Less about motherhood than it is about the loneliness motherhood induces ... Like Miffo’s anguish, the shape of the novel itself is a spiral, a continuous inner monologue of a perpetual today ... The Nursery dares to question the inviolable dictates of a mother’s love when a human is reduced to her suffering—perhaps no love is unconditional after all.
Grisly, extreme ... To properly appreciate its accomplishment, we must peel back the familiar connotations of the words nursery, postpartum, lactation, and even motherhood ... Though the book avoids the culture wars, the protagonist’s experience suggests difficult truths about what this profoundly physical and female-bodied experience can be like for women with today’s expectations ... Deserves to be widely read ... Has the depth and illuminating qualities of serious literature
An engaging experiment in uncomfortable empathy that finds its tonal antecedents in cerebral body horror movies ... Molnar describes her character’s recovery with a detached, almost philosophical fatalism ... The inaugural example of a page-turner about postpartum depression, might also be the last word on the subject.

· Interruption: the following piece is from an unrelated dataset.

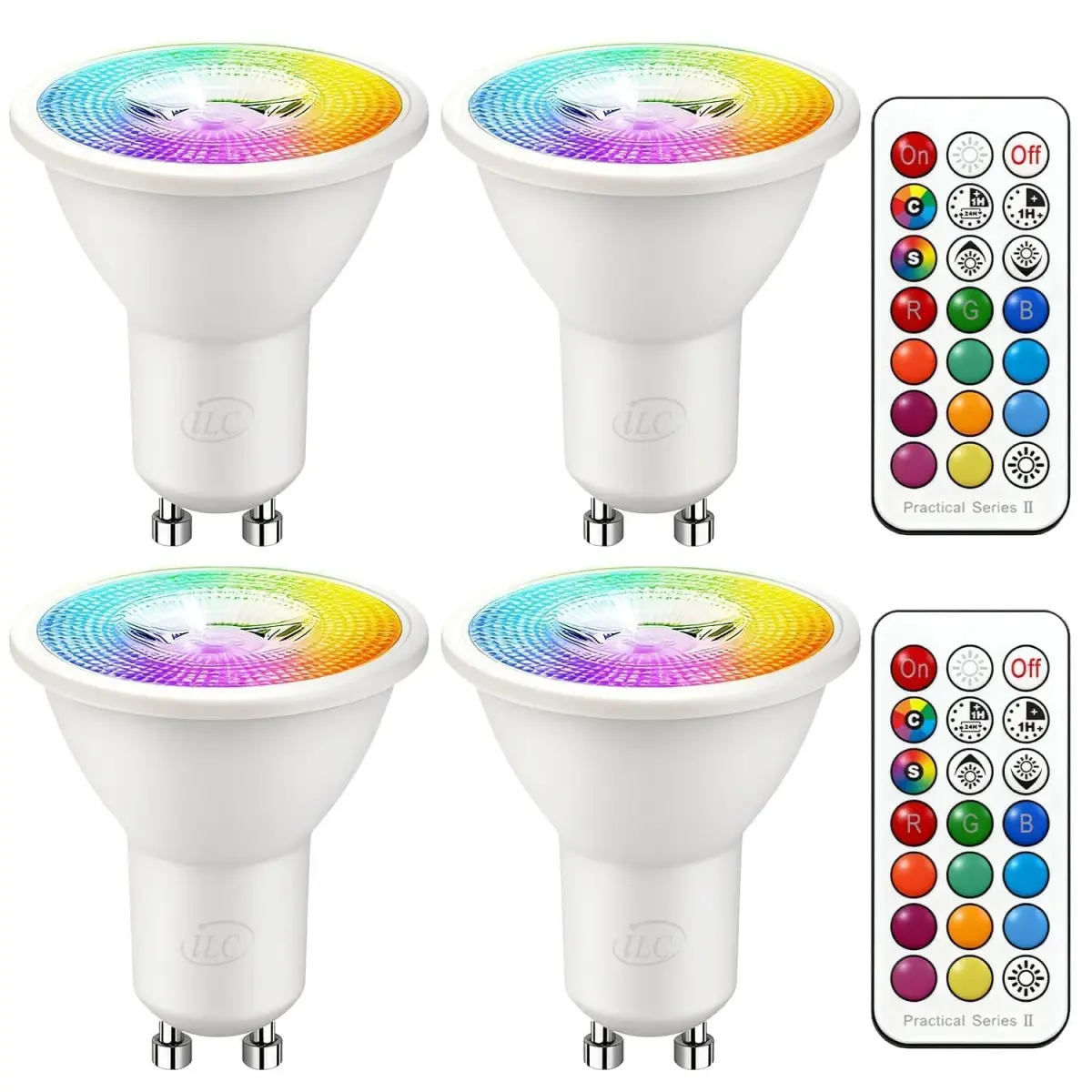 ILC GU10 LED Color Changing Light Bulb 5W (450 Lumens) with Remote Control, Pack of 4 | 12 Colors, 2700K Warm White - main product image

A nerve and reality shredding nightmare ... It is as perceptive on the catastrophic loss of selfhood having a baby can bring as it is on the resentment and fury a mother can feel at a newborn’s relentless hunger ... Molnar’s more unsettling trick is to present her narrator’s more murderous thoughts from a perspective of absolute sanity. And yet this is also an oddly affirmative novel, alive with a dangerous self-aware humour.
Molnar offers a harrowing cautionary tale about postpartum depression and the terror it can cause as it strips away any sense of control over mind and body. Some descriptions are so raw and graphic that one almost wants to read them with eyes half-closed. An important, unromanticized look at the instant, drastic changes new motherhood can bring, though a caveat: it does not address the relief that early medical intervention can provide.
The mood in this debut novel is claustrophobic ... Molnar grittily conjures the exhaustion and disorientation of the first weeks with a first child ... Miffo seems never to experience the moments of joy that, for most new parents, at least occasionally alleviate the equally powerful exhaustion, anger, and sorrow. She strikes one dreary note throughout, and by the time she finally emerges from her depression and steps outdoors, readers may well be very tired of her. Commendably honest but not compelling fiction.
Entrancing ... Though it’s unclear how some of the pieces are meant to fit, such as the visits from the neighbor, Molnar brings a cutting verisimilitude to her portrayal of the narrator’s fuzzy state of mind, and she’s equally unsparing with her vivid descriptions of childbirth, recovery, and the physical demands of early motherhood. It amounts to a powerful look at what a new mother endures.